Следующие номера «Московского журнала» не разочаровали читателей: на его страницах регулярно печатались Державин («Песнь дому, любящему науки и художества», «На смерть графини Румянцевой», «К Эвтерпе»), Дмитриев («Счет поцелуев», «Письмо к прелестной», эпиграммы), Нелединский-Мелецкий, Николев и другие известные литераторы, в основном поэты. В 1791 году Карамзин опубликовал в «Московском журнале» значительное число собственных произведений: стихотворения «К прекрасной», «Раиса», «Веселый час», «Песнь мира», «Эпитафия калифа»; в каждом номере помещались «Письма русского путешественника», печатались также небольшие прозаические картины, размышления: «Фрол Силин», «Деревня», «Ночь», «Новый год». Карамзину же принадлежит большинство статей и рецензий в разделах «Театр», «Парижские спектакли», «О русских книгах», «Об иностранных книгах», «Смесь» и переводов, среди которых наиболее любопытен большой очерк, начатый печатью в двух последних номерах 1791 года и оконченный в 1792 году, — «Жизнь и дела Иосифа Бальзаме, так называемого графа Калиостро».

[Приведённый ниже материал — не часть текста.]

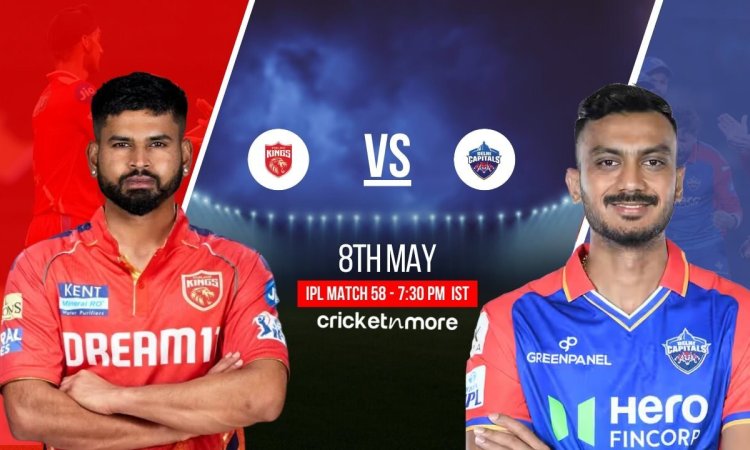 PBKS vs DC Dream11 Prediction Match 58, IPL 2025 PBKS vs DC Dream11 Prediction Match 58, IPL 2025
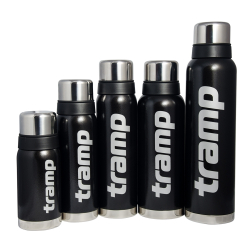 Tramp Термос Expedition line 0.9 л, TRC-027, черный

Письма Карамзина Дмитриеву за этот год полны журнальными заботами: «По праву дружбы требую от тебя, чтобы ты, любезный друг, писал для „Московского журнала“. Твои пиесы нравятся умным читателям»; «„Шмит“, „Попугай“ и „Ефрем“, конечно, не лучшие из твоих пиес, однако ж имеют свою цену, и я уверен, что многим из читателей они полюбились. В журнале хороши и безделки, — и самые великие поэты сочиняли иногда „Ефремов“ и не стыдились их. Впрочем, я из экономии не напечатал в августе ни одной из твоих пиес, кроме „Ефрема“; тут было довольно Державинских»; «Сердечно благодарю тебя за все стихи твои. Слава Богу, что Сызранский воздух имеет для тебя силу вдохновения! Пиши, мой друг, пиши, и непременно пришли мне ту сказку, которой начало читал ты мне в Москве»; «…Многие места в печальной твоей песне на смерть Потемкина мне очень полюбились. Все будет напечатано и, конечно, к удовольствию читателей…»; «Благодарю тебя, любезный друг Иван Иванович, за твое письмо, а особливо за сказку, которую читал я два раза с удовольствием, вместе с А. А. Петровым…»; «С позволения твоего, „Модная жена“ выедет в свет в генваре или феврале месяце. Между тем прошу тебя прислать мне и другую сказку, которой начало читал ты мне в Москве…»; «Надпись к портрету „И это человек“ и пр. очень полюбилась, и многие твердят ее наизусть»; «Скажу тебе приятную весть — приятную, говорю, думая, что ты вместе со всеми Евиными чадами имеешь самолюбие, или честолюбие, и любишь, когда тебя хвалят. „Модная жена“ очень понравилась нашей московской публике, и притом публике всякого разбора. „Это прекрасно“, — говорит молодой франт; „В иных местах очень вольно“, — говорит модная дама с стыдливой улыбкой».